Now I'm the same age as you, so I can recall growing up and 99% of girls at school just switched off at talk of the latest game for the Spectrum 48k. We would get called geek, and other names. To a point, the stereotype will stick with some people as they grow up. But I find many, regardless of gender, do or will play games. Even if it's some form of Snake of their phone. Or maybe board games. It's all about having fun, pure and simple. Maybe they have fun in other ways. Maybe you're not compatible? I have always had the rules that a future partner would need to enjoy games at some level, mobile phone, board games, card games, etc... Have to own books and read. Have a love of music. Beyond that, it's negotiable.

So an age limit on games, nah!

[–] Anomander@kbin.social 1 points 1 year ago

But also a vastly different array of hobbies, and that for some included gaming. This meant care homes having to upgrade internet/wifi, and many other adaptions.

I remember my grandpa being furious that the seniors-only complex they moved into had shit internet, maybe a decade ago.
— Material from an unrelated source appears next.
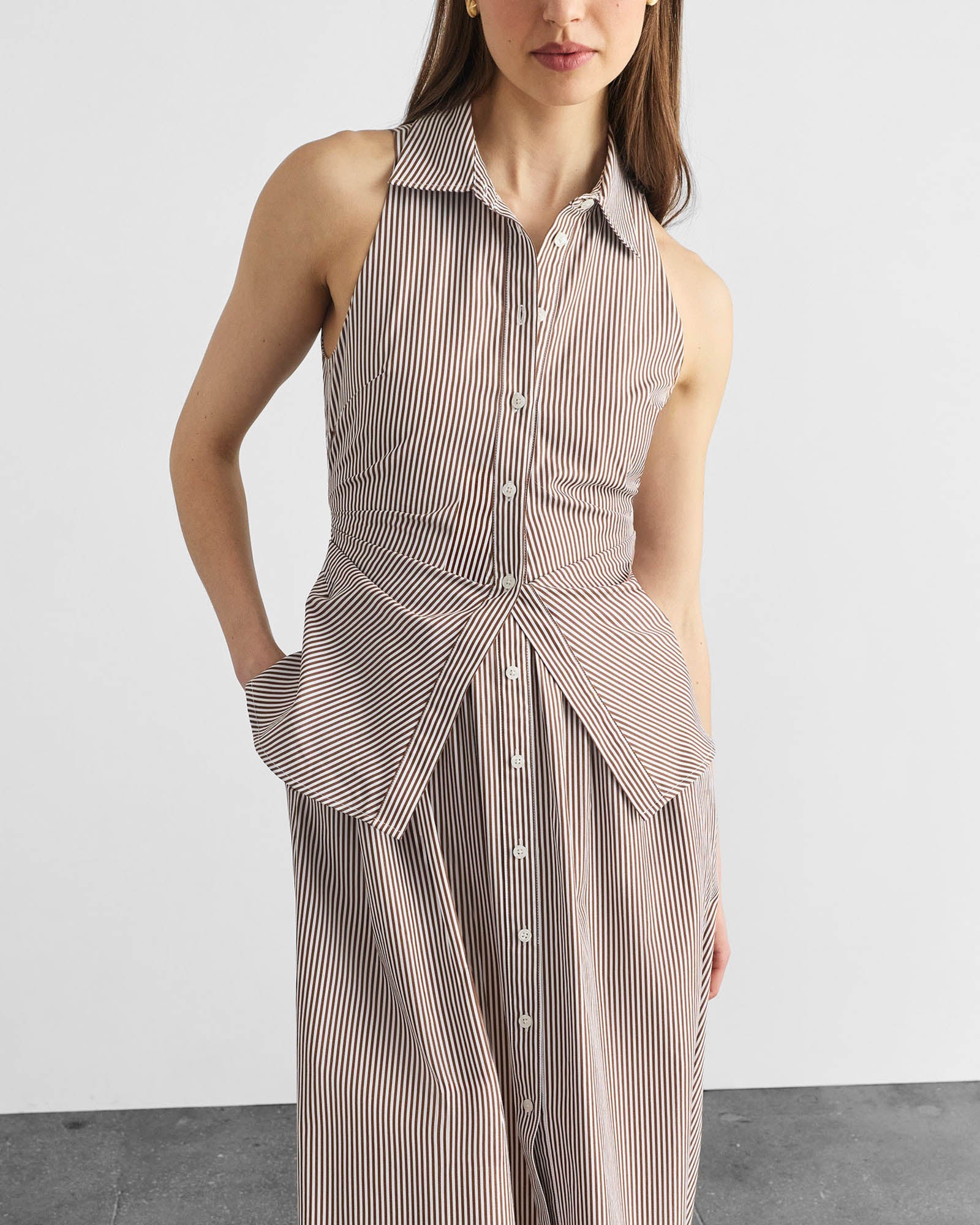 Hannah Dress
The whole complex was running off a single residential line - like they bought a good package, but still - and that was fine for residents checking email and stuff, but it meant he was stuck taking a day or two to download each Flight Sim update.
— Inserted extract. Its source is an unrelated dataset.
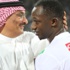 كرة القدم - الدوري السعودي - المولد يقود الاتحاد أمام الشعلة كرة القدم - الدوري السعودي - المولد يقود الاتحاد أمام الشعلة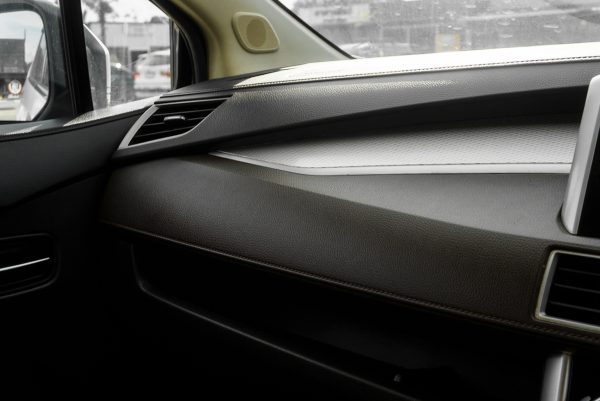 MITSUBISHI X-PANDER CROSS 1.5 ปี2020 จด2021 (2ขค8433) - Image 22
[–] Wage_Slave@kbin.social 1 points 1 year ago

Oh dude, what you need to do is start collecting video games.

As I grew up i found myself still playing. Not wanting to stop. Looking at it from a far more mature perspective than i ever had before and thought "Fuck it, horde video games" and these days it is on the same level as those who collect comic books. Can be seen as an albeit childish hobby, but is recognized as also an investment. I mean, my collection of video games is insured for more than new sedan.

Much like dad who collected hot wheels, mom has hutch of ultra expensive china, you have your games and can explain and tell stories in much greater and entertaining details than any tin car. I mean, explain Last of us, or Hentai vs. Evil, it's gonna be a better story than "It's a tbird"

[–] autumn@reddthat.com 1 points 1 year ago

I feel like several things are intersecting here:

  1. PC gaming took off in the 90s. I'm not clear on the history of consoles but I'm wondering if they became widespread in the 80s? Having these devices at home probably created a larger generation of gamers.

  2. Gaming was "for boys" until very recently, and tbh the inclusion of women as the default audience for games is still a work in progress. Game protagonists are usually male, romance options usually assume the player is a straight man, even the quests and the way NPCs are written are colored by these assumptions.

  3. Video games have gotten so much more complex in a very short amount of time. The storylines are richer, the writing and visual effects have gotten signifixlcantly better. Someone who has only experienced early arcade games or clicker mobile games wouldn't see gaming in general as a worthy hobby for adults.

[–] FIST_FILLET@kbin.social 1 points 1 year ago

there is no shame in liking games, but it's a pretty big turn-off for many people because of negative stereotypes (especially in your age range). do yourself a favor and find another hobby to talk to people about (music, films, exercise), and then once you're close with them and they won't immediately discard you based on those stereotypes, you can start to share that part of yourself
OR you can keep being totally upfront about gaming being your #1 hobby and hope that you'll meet your soulmate who happens to share the exact same passion. either way, good luck :)

[–] RonniesaurusHex@kbin.social 1 points 1 year ago

Born before 86 and it's one of my main hobbies. A large percentage of my friends are gamers of various kinds. I don't think there's a cut off, just people that get too caught up in defining what adulthood is and not letting fun and individuality be part of it.

[–] synchrohighway@kbin.social 1 points 1 year ago

I'm not sure. I'm in my 30s and me and almost all my coworkers play something on a regular basis: PS5/XBox/PC/Switch/mobile. Even my like 60 year supervisor is a lady addicted to mobile games.